» **What is being asked**: Nothing but the lines from the top of the data to the line holding "Cuba by Cuba" should be printed, word for word and both ends included; leave the pictures out.
=== Record set ===
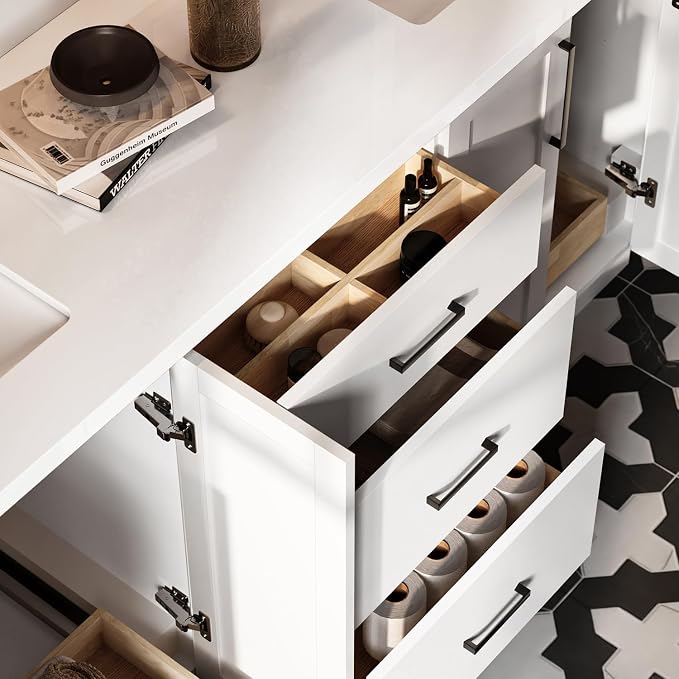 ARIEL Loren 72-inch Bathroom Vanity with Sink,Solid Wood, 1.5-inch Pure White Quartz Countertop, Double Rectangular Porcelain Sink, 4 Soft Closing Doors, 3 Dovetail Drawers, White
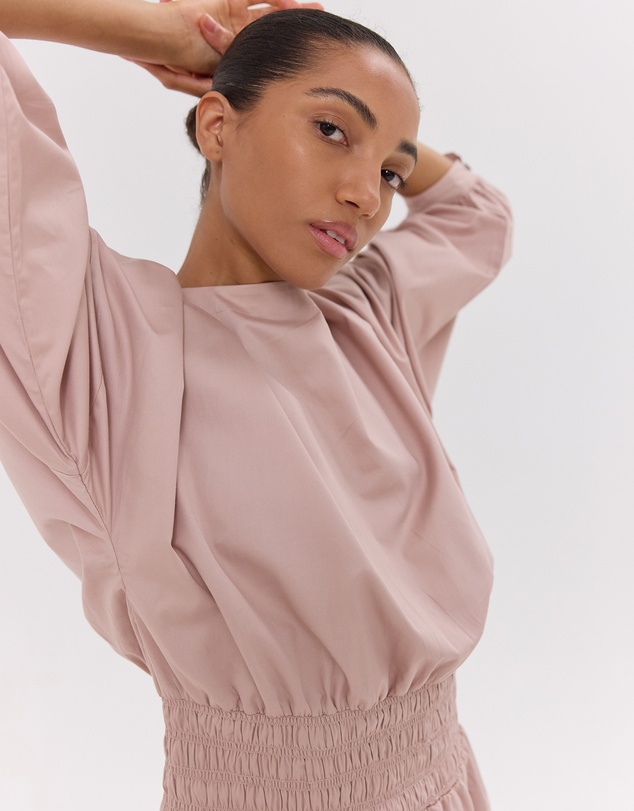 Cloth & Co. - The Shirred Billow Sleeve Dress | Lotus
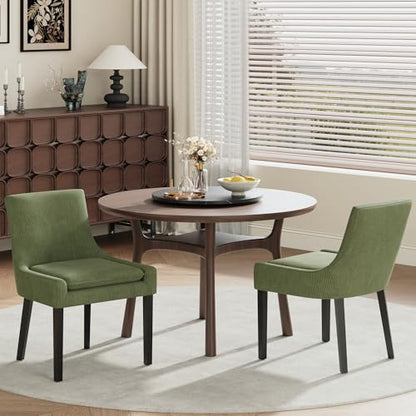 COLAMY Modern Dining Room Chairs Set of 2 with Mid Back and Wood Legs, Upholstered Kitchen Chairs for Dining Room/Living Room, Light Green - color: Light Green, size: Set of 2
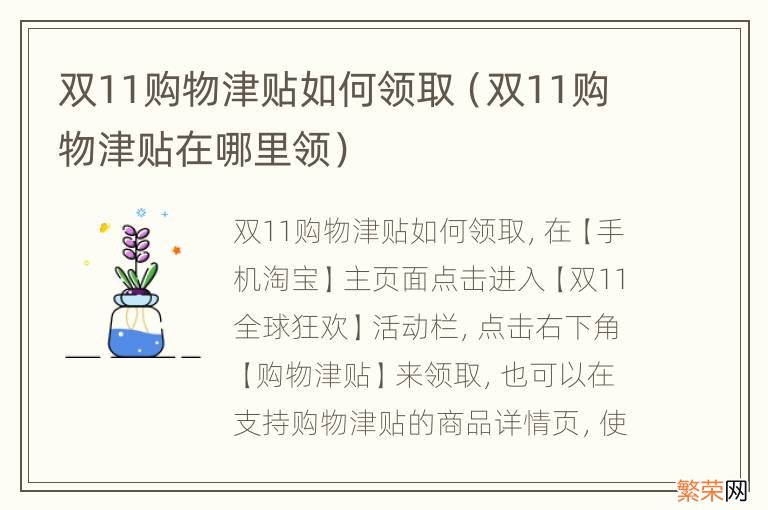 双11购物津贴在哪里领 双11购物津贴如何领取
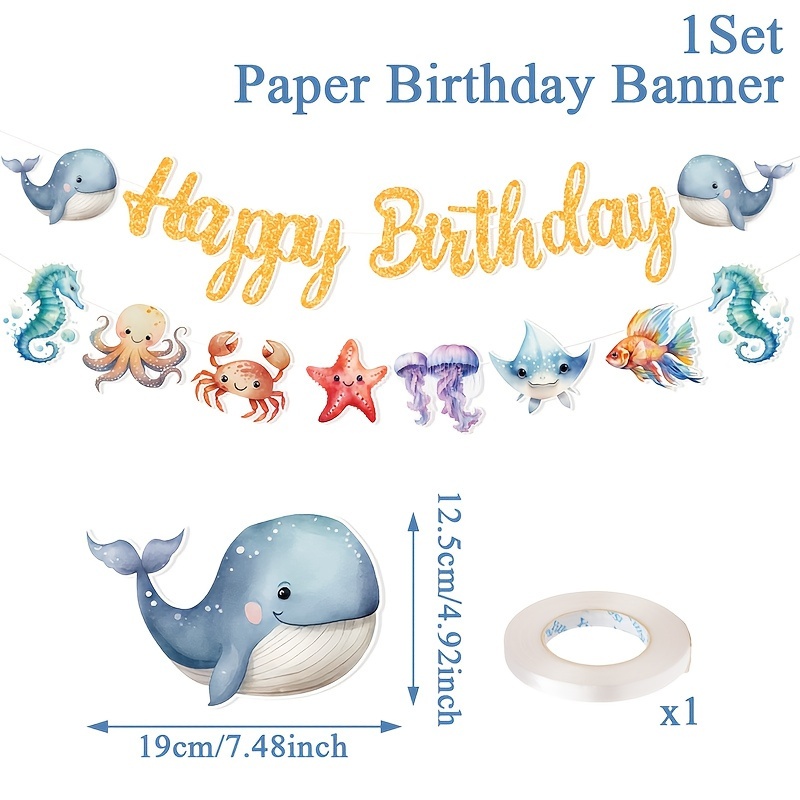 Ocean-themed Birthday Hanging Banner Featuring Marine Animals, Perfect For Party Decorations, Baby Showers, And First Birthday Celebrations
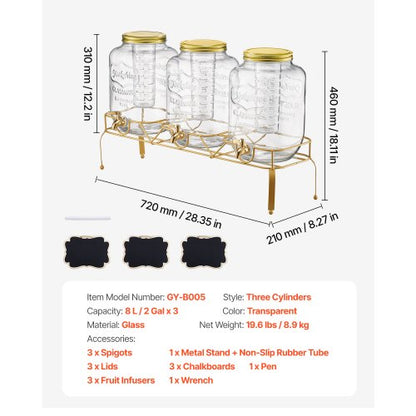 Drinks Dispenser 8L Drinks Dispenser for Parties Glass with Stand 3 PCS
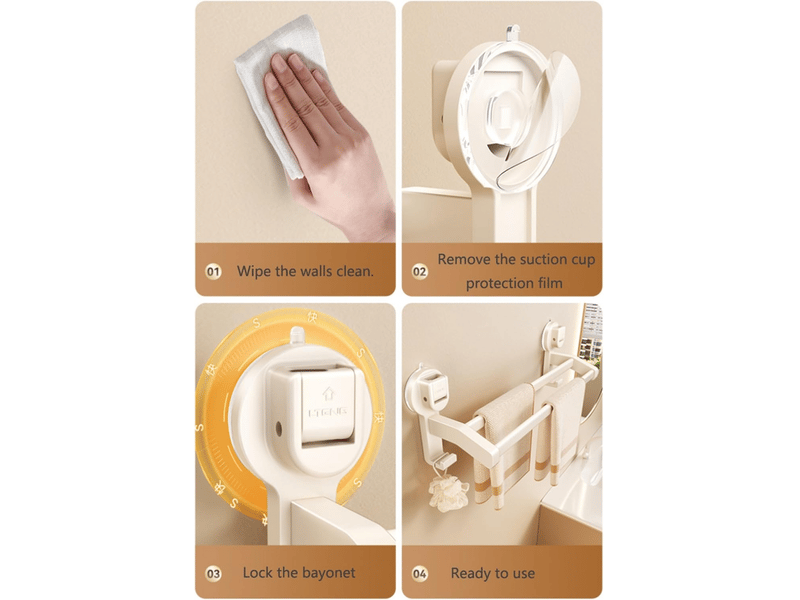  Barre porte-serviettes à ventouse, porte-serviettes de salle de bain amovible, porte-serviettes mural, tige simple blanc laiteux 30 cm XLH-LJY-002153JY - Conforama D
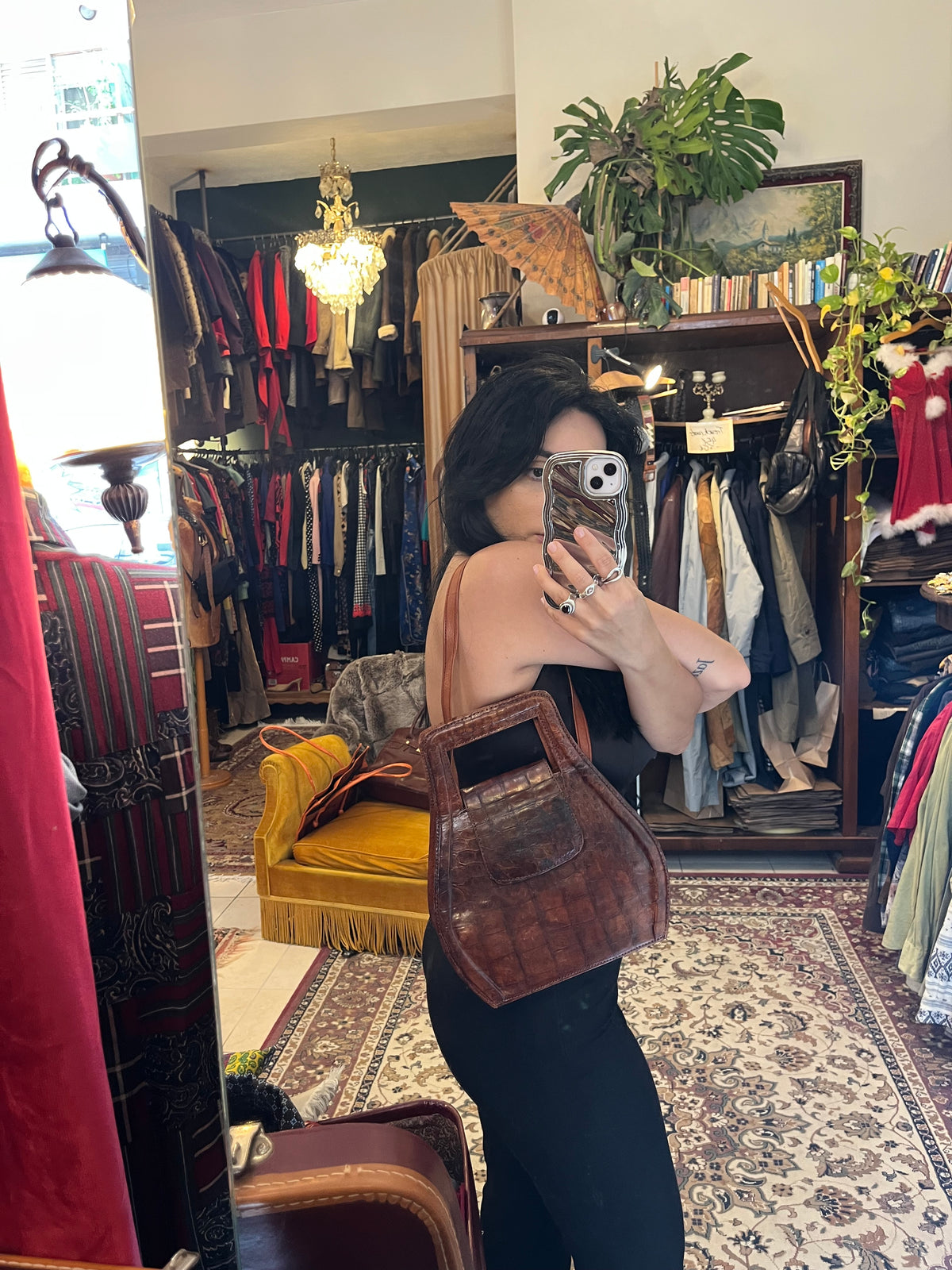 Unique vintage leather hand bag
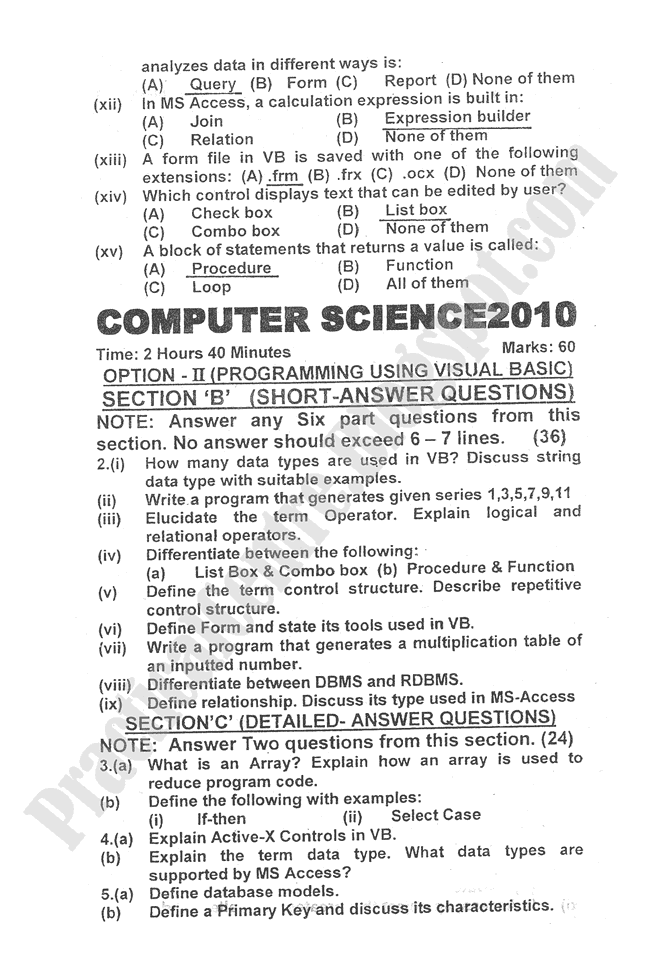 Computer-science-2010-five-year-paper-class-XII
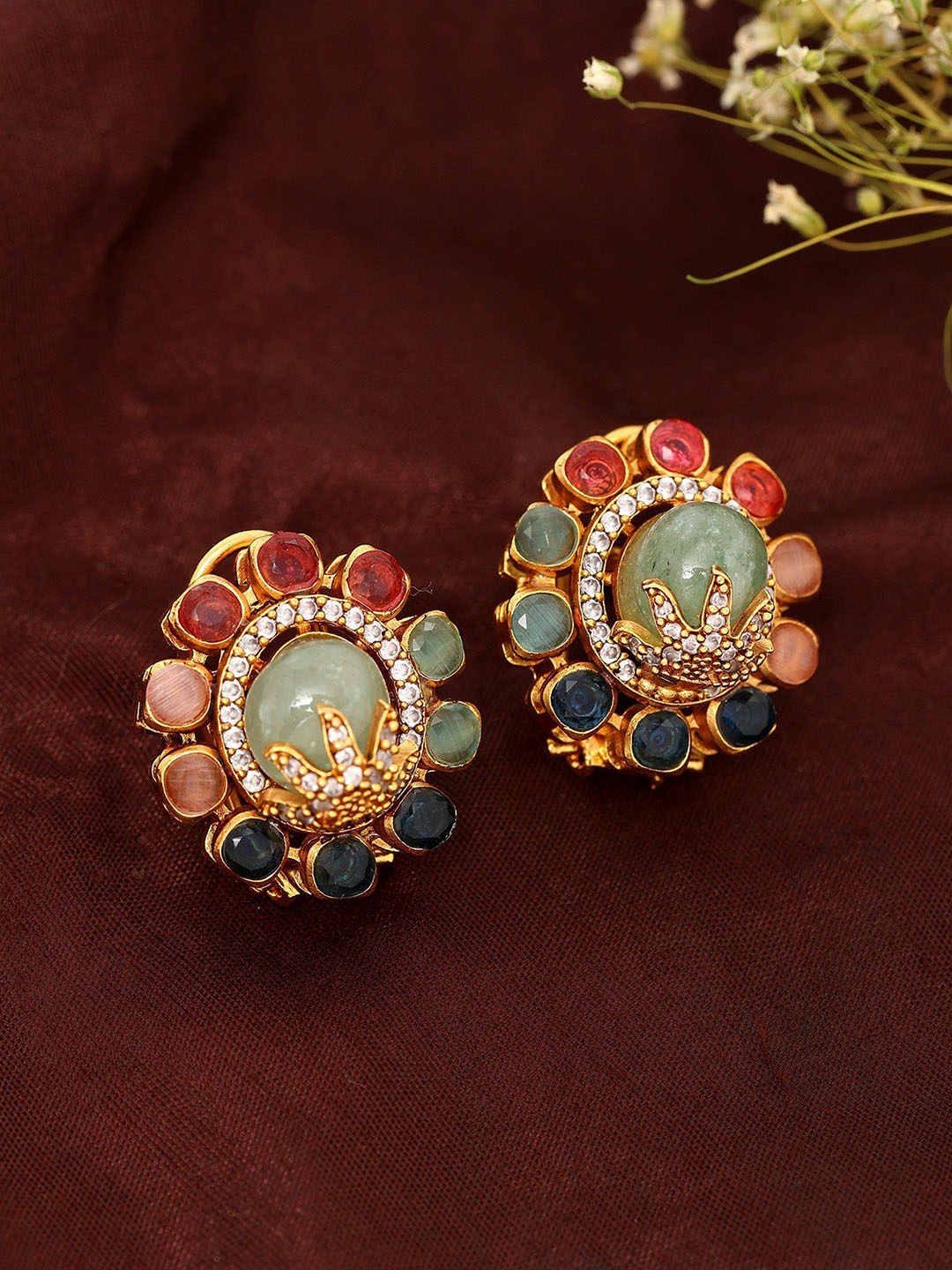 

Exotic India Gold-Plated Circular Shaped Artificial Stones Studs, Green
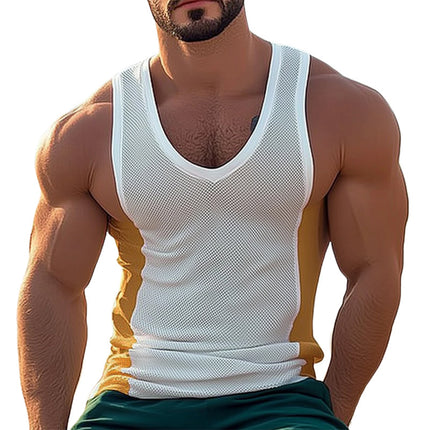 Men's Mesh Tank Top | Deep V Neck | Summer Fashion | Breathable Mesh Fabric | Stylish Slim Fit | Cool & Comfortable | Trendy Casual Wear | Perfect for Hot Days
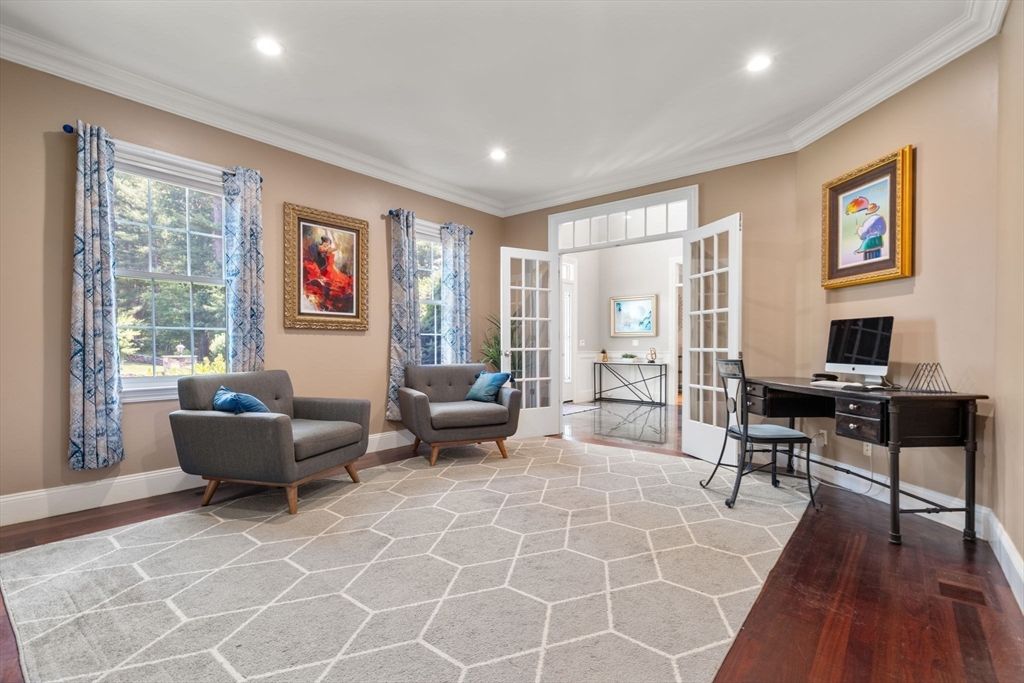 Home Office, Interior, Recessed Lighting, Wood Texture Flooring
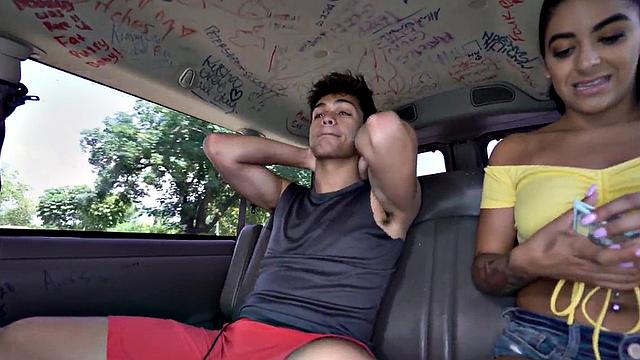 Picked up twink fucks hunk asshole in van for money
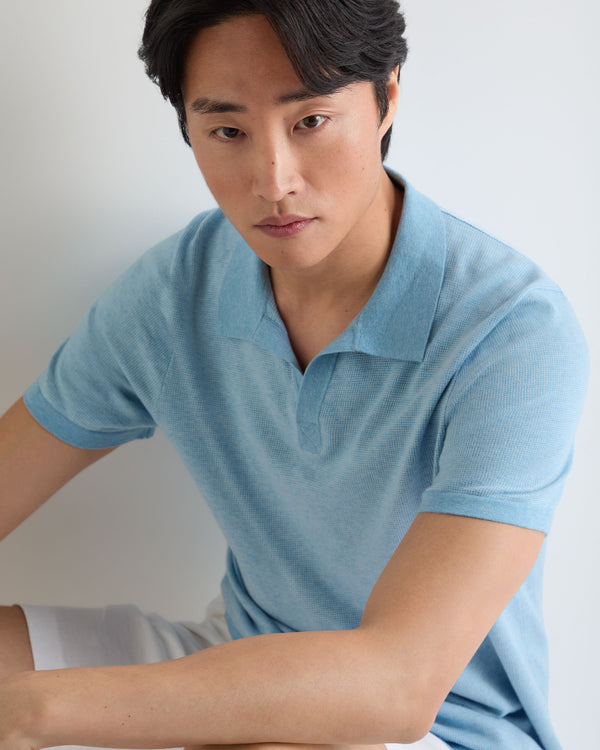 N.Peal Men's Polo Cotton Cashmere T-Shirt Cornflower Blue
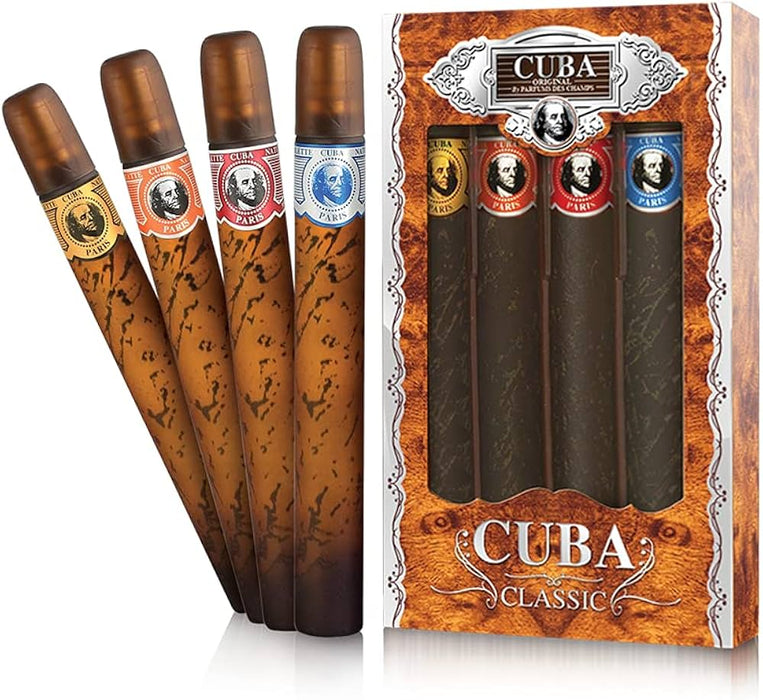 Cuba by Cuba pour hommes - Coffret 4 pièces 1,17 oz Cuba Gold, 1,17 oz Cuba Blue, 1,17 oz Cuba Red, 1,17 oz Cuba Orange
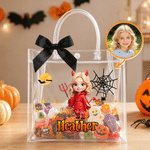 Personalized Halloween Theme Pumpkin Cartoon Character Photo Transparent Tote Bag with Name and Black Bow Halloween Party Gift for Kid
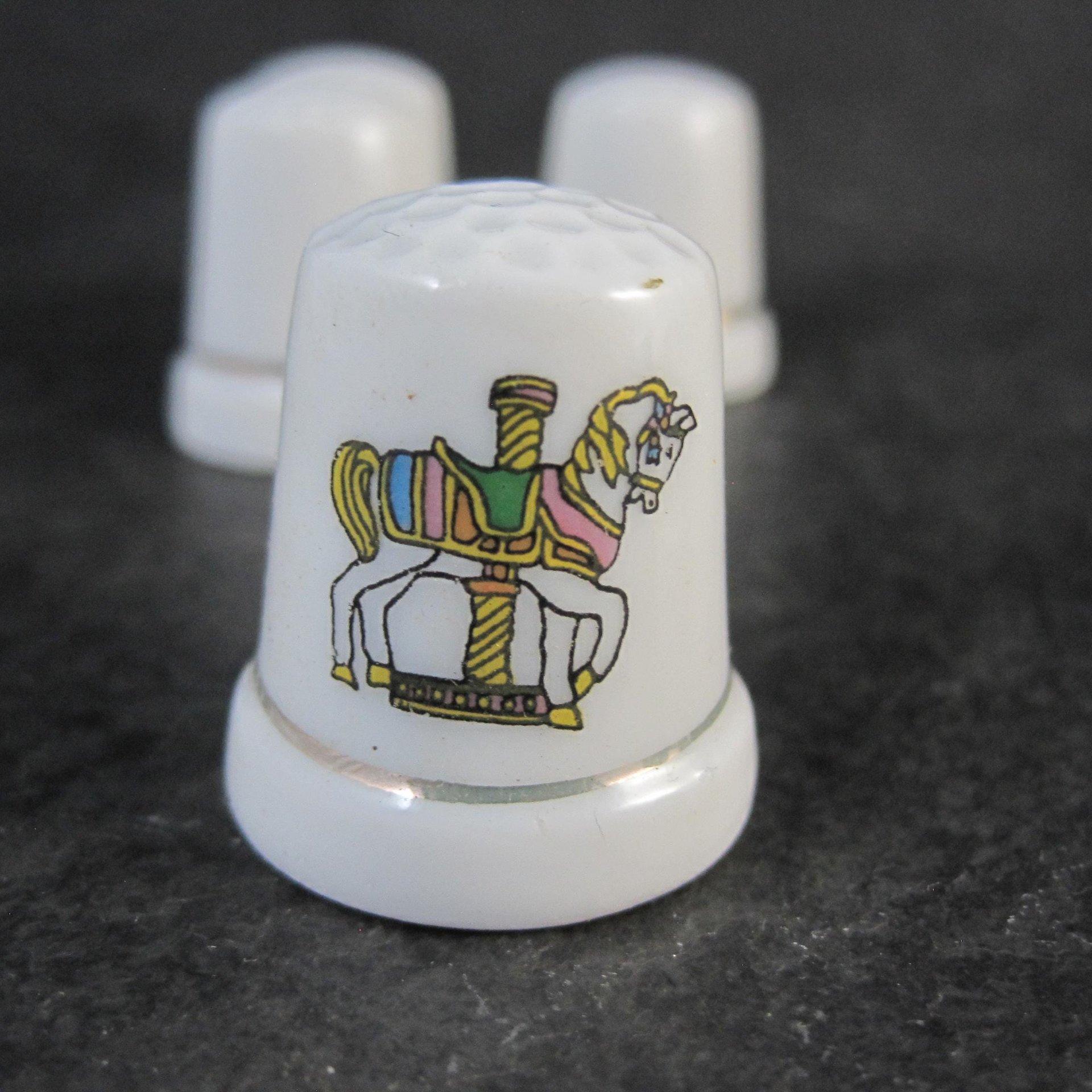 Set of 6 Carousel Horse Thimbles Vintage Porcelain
===
» **Exercise output**:
 ARIEL Loren 72-inch Bathroom Vanity with Sink,Solid Wood, 1.5-inch Pure White Quartz Countertop, Double Rectangular Porcelain Sink, 4 Soft Closing Doors, 3 Dovetail Drawers, White
 Cloth & Co. - The Shirred Billow Sleeve Dress | Lotus
 COLAMY Modern Dining Room Chairs Set of 2 with Mid Back and Wood Legs, Upholstered Kitchen Chairs for Dining Room/Living Room, Light Green - color: Light Green, size: Set of 2
 双11购物津贴在哪里领 双11购物津贴如何领取
 Ocean-themed Birthday Hanging Banner Featuring Marine Animals, Perfect For Party Decorations, Baby Showers, And First Birthday Celebrations
 Drinks Dispenser 8L Drinks Dispenser for Parties Glass with Stand 3 PCS
  Barre porte-serviettes à ventouse, porte-serviettes de salle de bain amovible, porte-serviettes mural, tige simple blanc laiteux 30 cm XLH-LJY-002153JY - Conforama D
 Unique vintage leather hand bag
 Computer-science-2010-five-year-paper-class-XII

Exotic India Gold-Plated Circular Shaped Artificial Stones Studs, Green
 Men's Mesh Tank Top | Deep V Neck | Summer Fashion | Breathable Mesh Fabric | Stylish Slim Fit | Cool & Comfortable | Trendy Casual Wear | Perfect for Hot Days
 Home Office, Interior, Recessed Lighting, Wood Texture Flooring
 Picked up twink fucks hunk asshole in van for money
 N.Peal Men's Polo Cotton Cashmere T-Shirt Cornflower Blue
 Cuba by Cuba pour hommes - Coffret 4 pièces 1,17 oz Cuba Gold, 1,17 oz Cuba Blue, 1,17 oz Cuba Red, 1,17 oz Cuba Orange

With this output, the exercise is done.